1) There is an excellent FAQ/wiki thing at the site, that strives to make use of the best posts on various topics, and often includes illustrations. Well worth checking out. I recommend taking a peek at RG Keen's www.geofex.com site and clicking on the "Technology of..." in the upper left hand corner. Some serious classics there. I also recommend Jack Orman's AMZ page (www.muzique.com) which also has some entry-level materials in the lab notes and blog sections.

2) The project I almost always recommend for beginning builders is a loop selector of either an A/B type or simply loop-vs-straight-thru, since it is all jacks and switch there is little electronic theory to master beforehand, nothing to burn out, and it is a build that will likely remain useful for your life as a musician.

If it makes any difference, John Mayer apparently bought himself a BYOC tremolo, built it, and uses it. So, it can happen. Frank Marino makes all his own stuff too.


----------



## PaulS (Feb 27, 2006)

Doing your own pedal mods is a good thing but it can also be very frustrating at some points. All the above sites are good spots for info and ideas. I'd suggest building yourself an audio probe and learning how to use it, it will save all kinds of time and frustration. It's a simple device, I made one with an old 1/4" phono jack cord I had. Attach a clip to the ground and solder a .1Uf cap to the hot. You feed an audio source into the pedal and track it with the probe which you plug into a small amp. As for projects, start with a power booster (LPB1) and then work up to an overdrive. They go hand in hand. 
Good luck and don't give up.... :food-smiley-004:


----------



## mhammer (Nov 30, 2007)

PaulS said:


> Doing your own pedal mods is a good thing but it can also be very frustrating at some points.

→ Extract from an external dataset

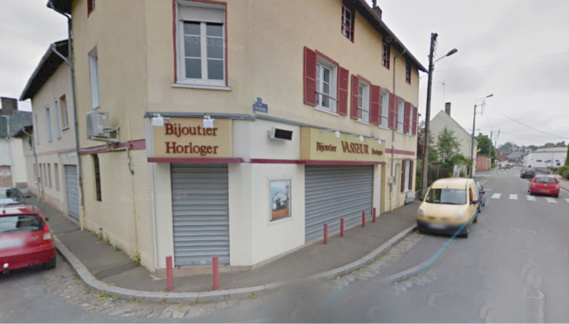La bijouterie Vasseur installée dans le centre-ville de Blangy (illustration@Google Maps)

Hell, it can be frustrating at *every* point. It depends on how big a leap you take each time. Even those of us who have been at it years sometimes venture beyond the perimeter of our own chops and find ourselves stuck or making regrettable choices. The good thing is that those choices generally cost a whole lot less than making poor choices with commercial gear. The other good thing is that, at this particular point in pedal/music/web history, there is no end to the splendid and generous support one can obtain on-line and off-line when you DO get stuck.


----------



## guitarman2 (Aug 25, 2006)

mhammer said:


> Hell, it can be frustrating at *every*The good thing is that those choices generally cost a whole lot less than making poor choices with commercial gear.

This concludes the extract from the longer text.